### TASK GOAL
Leaving out every picture, retype the lines below from the top through the one that contains "Spacious, unfurnished interior".
━━ GIVEN DATA ━━
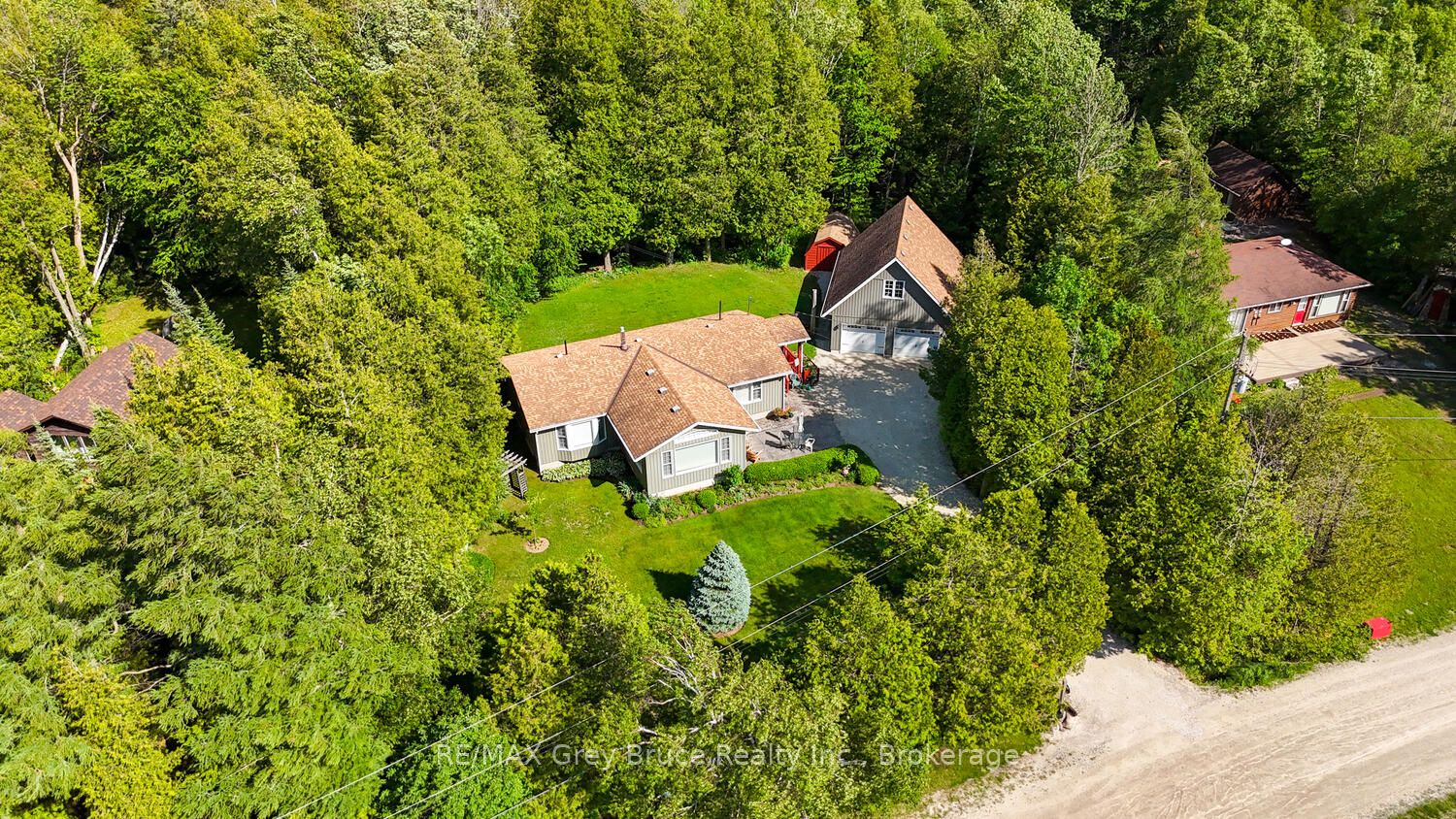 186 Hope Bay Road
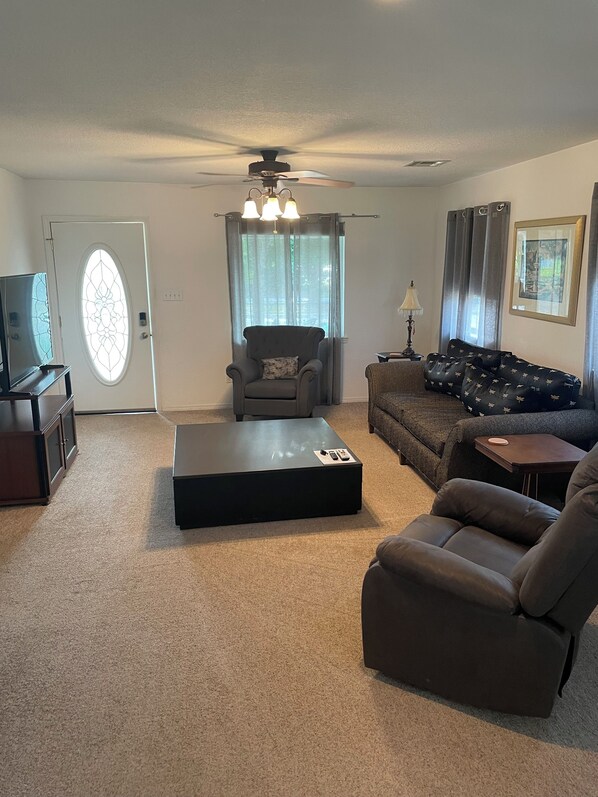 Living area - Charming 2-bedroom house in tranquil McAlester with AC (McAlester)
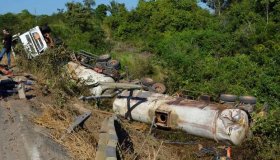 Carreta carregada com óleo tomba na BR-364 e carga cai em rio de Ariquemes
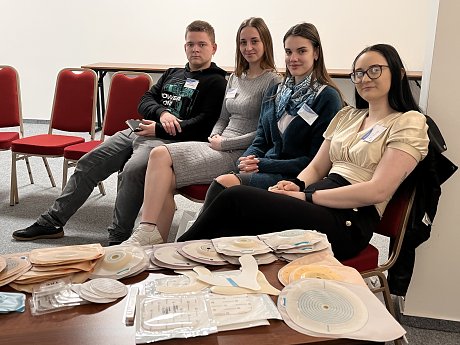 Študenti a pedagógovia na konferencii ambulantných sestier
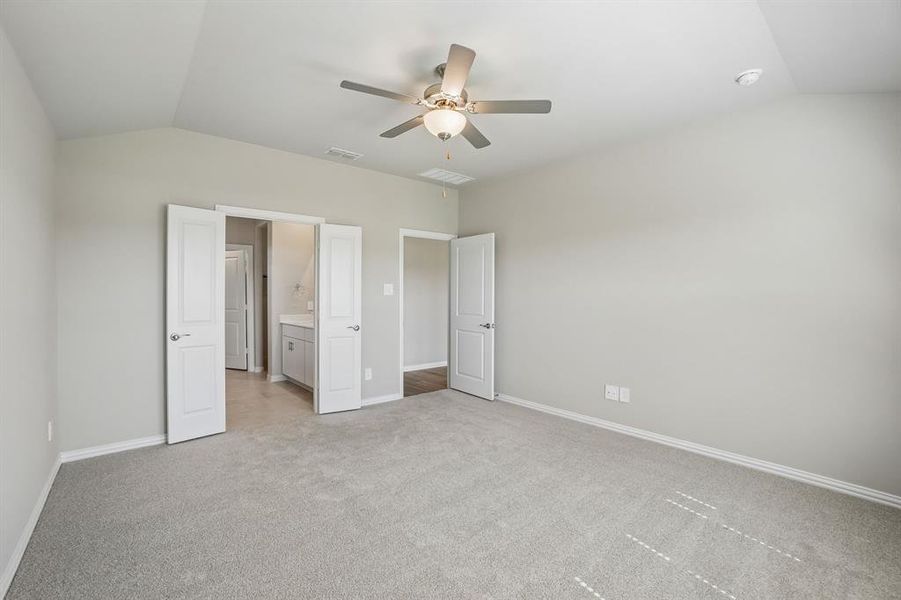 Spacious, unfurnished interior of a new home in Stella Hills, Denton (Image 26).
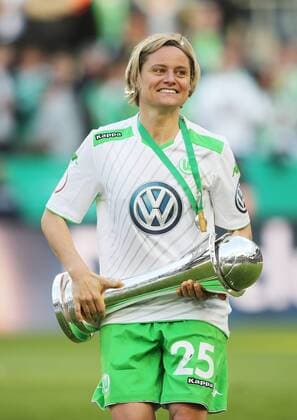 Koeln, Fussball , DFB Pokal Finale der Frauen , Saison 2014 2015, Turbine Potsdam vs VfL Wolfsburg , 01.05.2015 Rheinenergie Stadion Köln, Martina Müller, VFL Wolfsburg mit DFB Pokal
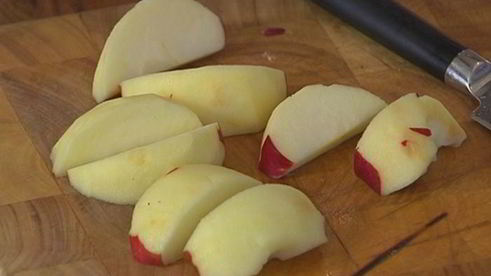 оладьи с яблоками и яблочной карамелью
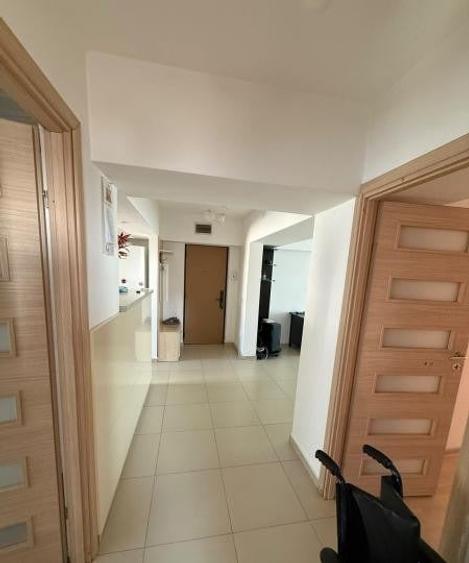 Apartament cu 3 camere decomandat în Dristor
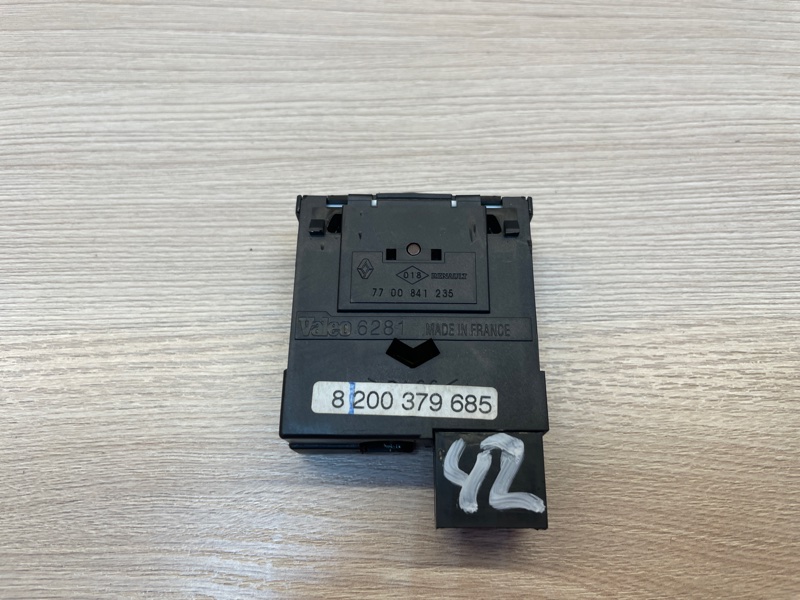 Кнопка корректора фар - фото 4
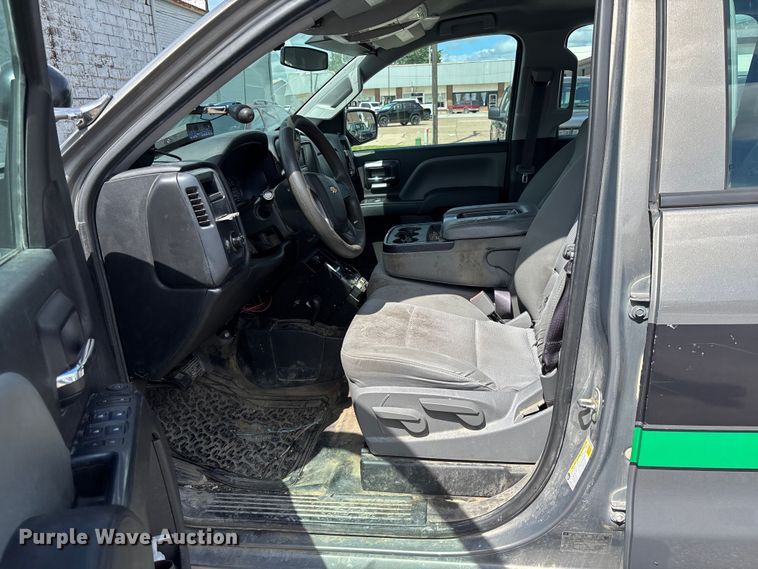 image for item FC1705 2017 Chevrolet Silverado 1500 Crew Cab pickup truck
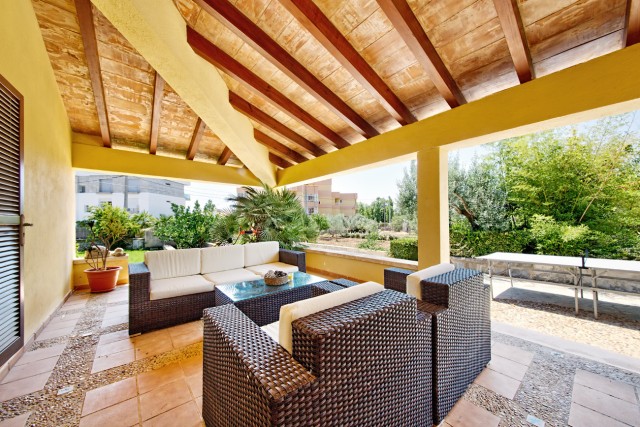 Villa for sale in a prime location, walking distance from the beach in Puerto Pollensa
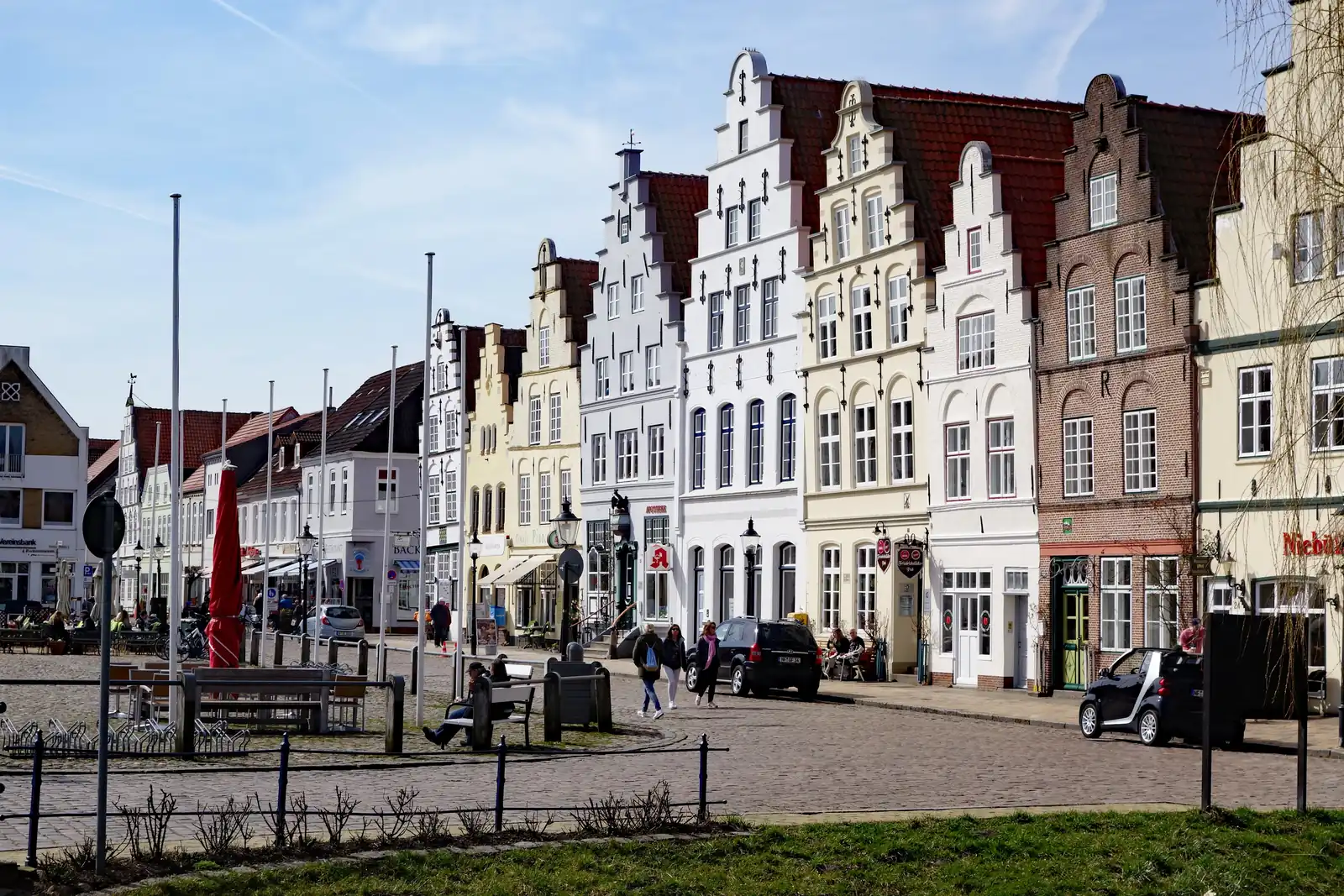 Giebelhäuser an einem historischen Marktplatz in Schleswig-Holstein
━━━
### EXERCISE RESULT
 186 Hope Bay Road
 Living area - Charming 2-bedroom house in tranquil McAlester with AC (McAlester)
 Carreta carregada com óleo tomba na BR-364 e carga cai em rio de Ariquemes
 Študenti a pedagógovia na konferencii ambulantných sestier
 Spacious, unfurnished interior of a new home in Stella Hills, Denton (Image 26).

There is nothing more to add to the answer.